Il faut diminuer la voiture en centre -ville. Il va falloir réfléchir à comment non pas supprimer la voiture mais développer les modes de déplacements doux actifs : la marche, le vélo. Il y a plus de 60% des trajets de moins de 3km qui sont faits en voiture. Il y a parfois des habitudes nouvelles à prendre. Après il y a toute la problématique de celles et ceux qui viennent du péri-urbain. On prévoit de favoriser des axes pour que des gens puissent avoir des vélos électriques. Concernant les vélos à assistance électrique, on est à plus de 1000 vélos au Mans et il faut l’étendre aussi sur la métropole ce qui a commencé à être fait dans certaines mairies qui l’ont demandé.

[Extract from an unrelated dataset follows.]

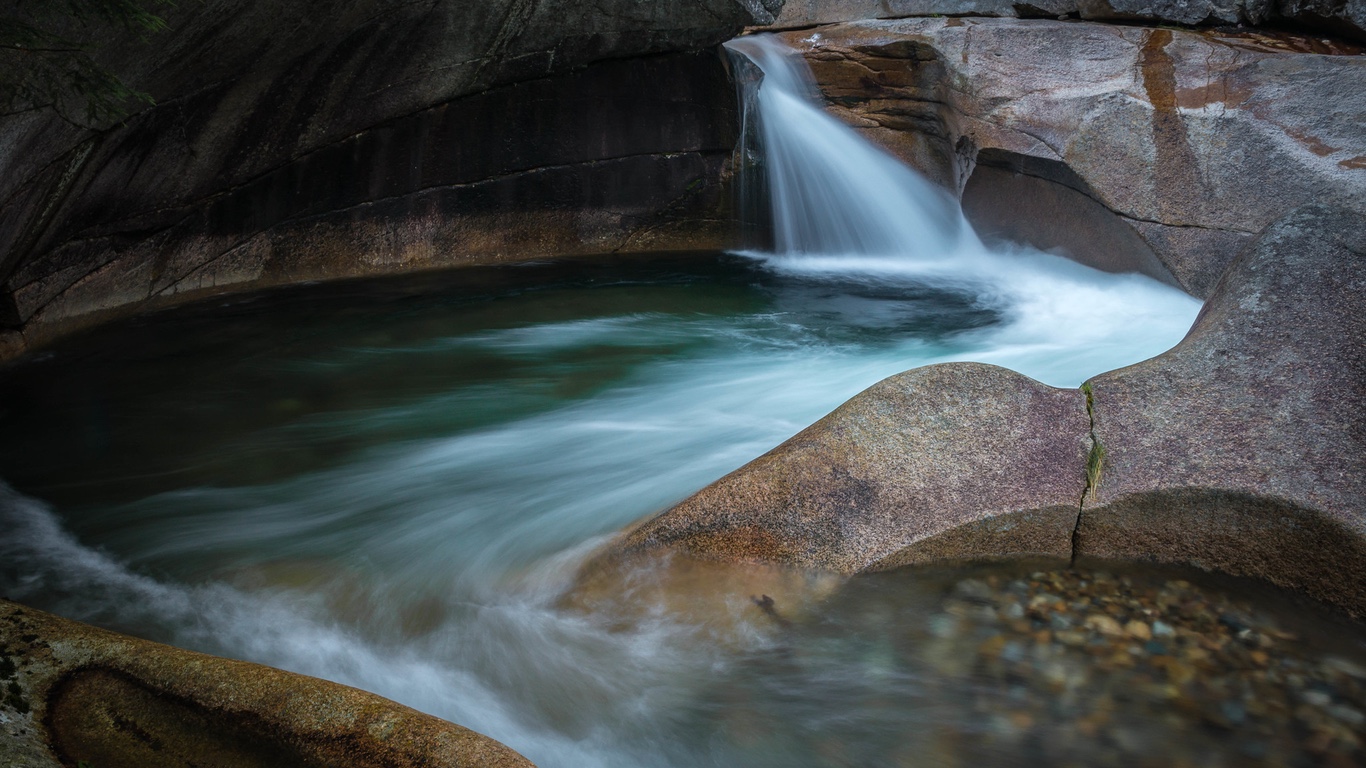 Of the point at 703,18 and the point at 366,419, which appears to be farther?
the point at 703,18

Autopartage, vélo, co-voiturage… L’autopartage doit être massifié pour qu’il y ait des antennes dans toute l’agglo, qu’il y ait des stations d’autopartage dans la ville du Mans. Il faut aussi sensibiliser les gens à de nouvelles mobilités et favoriser le télétravail. On veut mettre un plan de déplacement pour la collectivité et accompagner les entreprises privées à le mettre place. Il faudra alors réfléchir à adapter les horaires de travail.

François Méril (UPR) : Il faut diminuer la circulation sur le Mans et relancer l’utilisation des transports en commun en diminuant le coût de l’abonnement du tramway et du bus voire la gratuité par exemple. Il faut voir avec les entreprises pour la prise en charge des frais de transports de leurs salariés (valoriser la mise en place de covoiturage, inciter à l’utilisation du vélo…)

Il faut privilégier l’électrique. La mairie pourrait acheter les terrains pour bloquer l’expansion de la ville et promouvoir l’utilisation de l’existant (comme les friches industrielles). 

d) Artificialisation VS autonomie alimentaire

  • Combien de pourcentage de nourriture(vraiment) locale est distribuée au niveau des repas collectifs (Réponse de notre Part = 2%) ? Votre avis? Sommes-nous résilients face au futur ?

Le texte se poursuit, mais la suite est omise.